One other thing is that refugee status and skills seem to be still separate, and I can’t see the need for this. Most Western countries could acommodate more refugees if they took their skills account too. This would mean less immigrants from peaceful countries, but it’s only fair to give priority to desperate people. I think the language test for skilled refugees could be waived or maybe postponed.
James, I suspect it’s modelled on the quizzes people have to do when they apply for American citizenship. It was introduced last year by the previous Home Secretary – can’t remember his name – the guy that had to resign over stuff that arose out of the affair he had with a Spectator columnist.
Geoff Hoon.
James
There are conceptual and human rights problems with dealing with refugees in the same way as skilled migrants. The refugee convention requires signatory countries (including the UK and Australia) not to “refoule” any refugees (send them back to their home country while they still face persecution there). Thus, once an asylum seeker within Australia or the UK is found to be a refugee, it would be a serious breach of the Convention (not to mention human rights) to impose an additional requirement that they pass a skills test and send them home if they didn’t. Refugee entry and ordinary migration entry need to be treated as quite separate matters.

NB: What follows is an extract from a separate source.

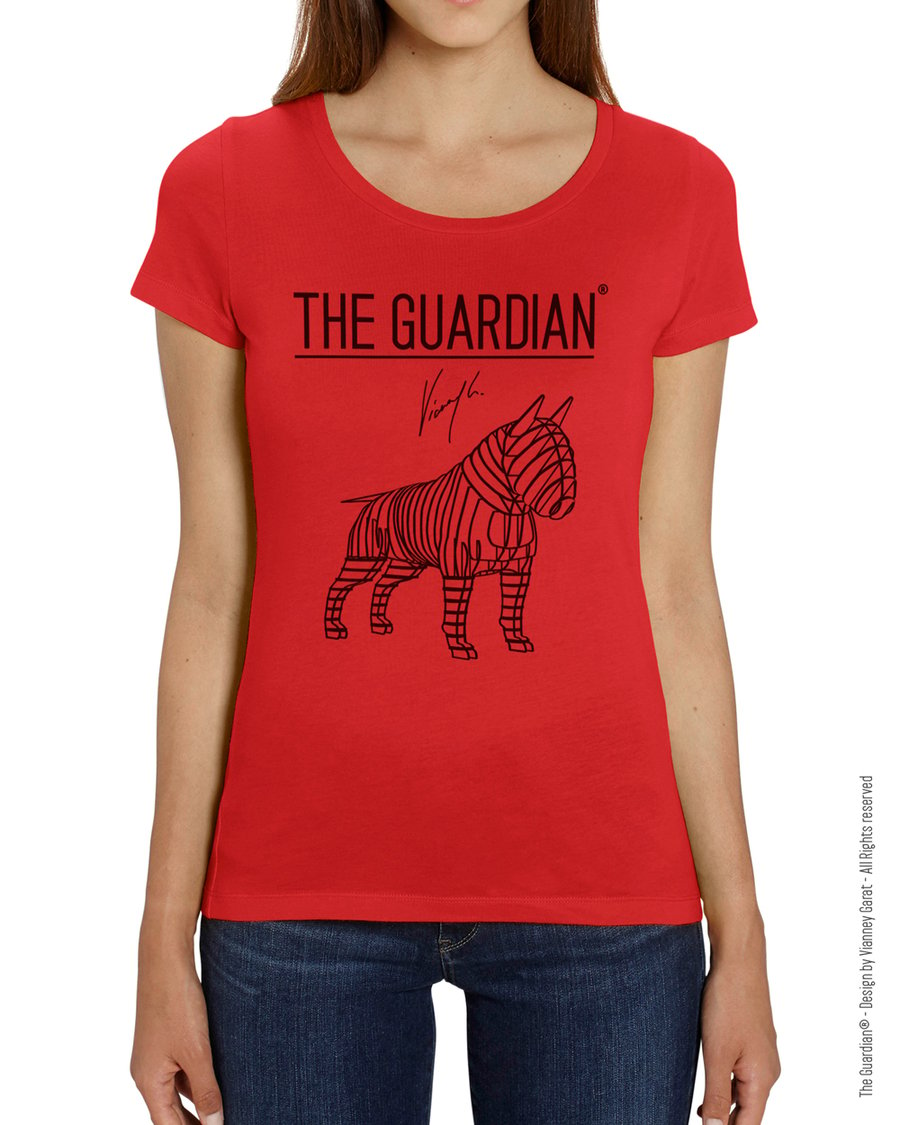 Image of T-shirt Femme The Guardian® - Fire Edition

I think Mark is referring to David Blunkett
Yes you’re right. Silly me.
Ken
I meant the ones in camps in Congo, Chad, Nauru and places like that, who have established their refugee credentials with the UNHCR but have nowhere to go unless someone offers. We, and I suppose the poms, have a quota for people like that, and we could increase it if we took some of them on the basis of their skills, albeit at the expense of skilled (and better-English-speaking) applicants from Finland or India or wherever.
James
Yes, there’s no international law problem with imposing selection criteria on offshore asylum seekers. Australia does that to a limited extent with its offshore humanitarian stream, but it’s a much lower bar than applies to skilled migration streams. And I agree it’s a good idea, as long as they keep roughly matching the intake to demand for semi-skilled labour etc. With very full employment (by contemporary standards), there might well be scope for further increases in Australia’s humanitarian stream at present. The Howard government has actually increased the overall humanitarian quota over the last couple of years anyway, without any political odium.